Although the Oregon Health and Science University (OHSU) Center for Health & Healing hasn't completely achieved net zero water, it uses many of these technologies to lessen impact on the city sewer system, reduce water expenses, and reuse available water. Beyond municipal resources, the building gets its water in three ways:

  1. Rainwater harvesting
  2. Groundwater harvesting from basement de-watering (the building's lower levels are below the Willamette River level)
  3. A membrane bioreactor for on-site capture, treatment, and reuse of blackwater

The OHSU Center for Health & Healing has virtually eliminated its wastewater contribution to the municipal sewer system. "We create top-grade, non-potable water for flushing toilets, irrigation, condensing cooling tower makeup, and some of our closed loops," says Troy Potter, director of engineering operations for the OHSU Center for Health & Healing with CBRE, the building's property manager.

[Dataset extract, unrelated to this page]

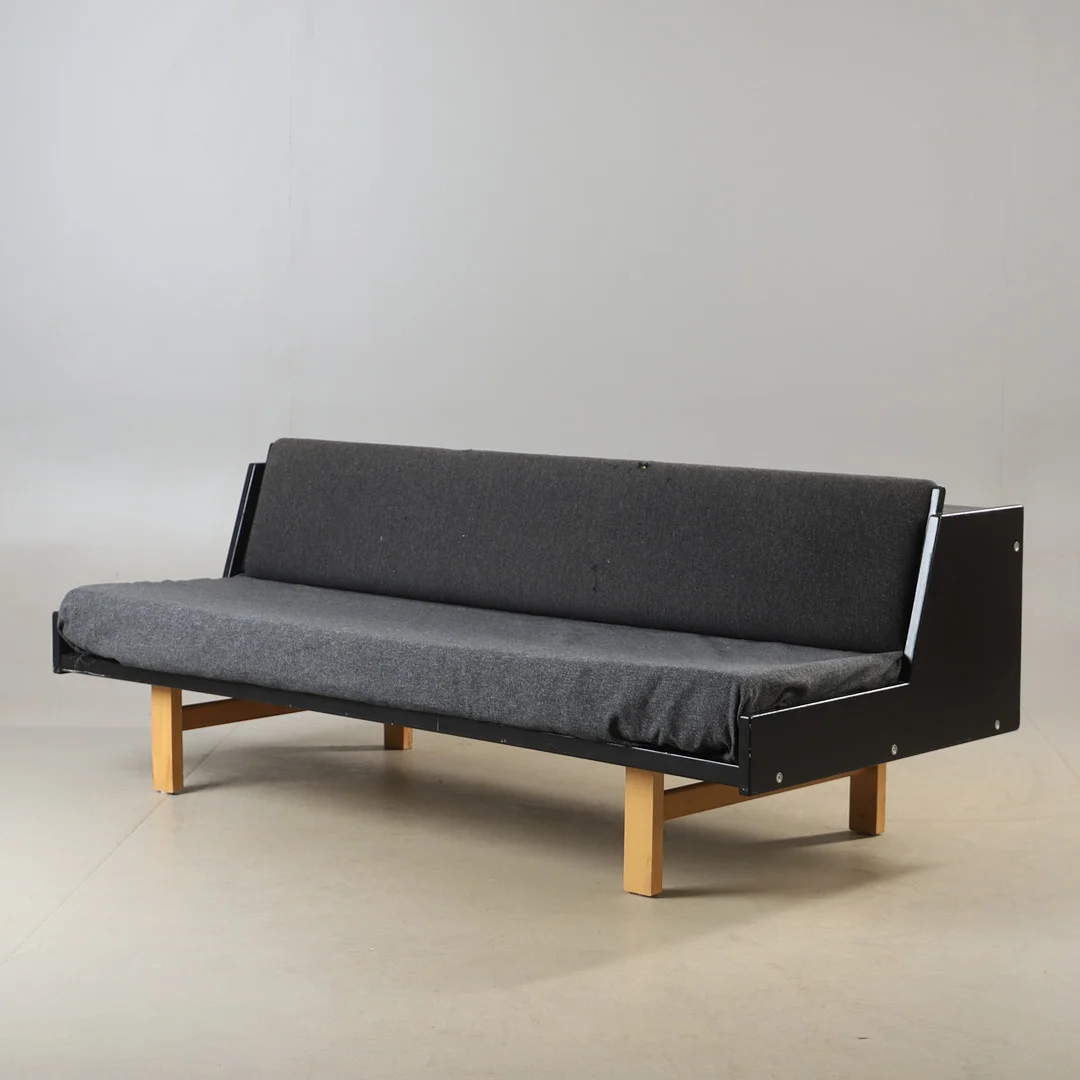 HANS J WEGNER. Dagbädd, modell GE258, ek, Getama, Danmark. — Sofas & Seatings — Helsingborgs Auktionskammare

Besides a few clinical spaces that require traditional fixtures, the building's fixtures are low-flow and hands-free. Potter says hands-free faucets help reduce water wasted by occupants who forget to turn off the water. These fixtures contribute to a 40 percent water use reduction compared with a base building. Five rooftop gardens planted with mostly hearty, native vegetation require little to no irrigation.

"OHSU wanted to do the right thing -- not only get LEED Platinum certification, but reduce our impact on the city sewer," says Dyann Hamilton, CBRE's alliance director of building and project management services for the OHSU Center for Health & Healing. "We're creating a self-sustainable situation so we're not a burden on city resources."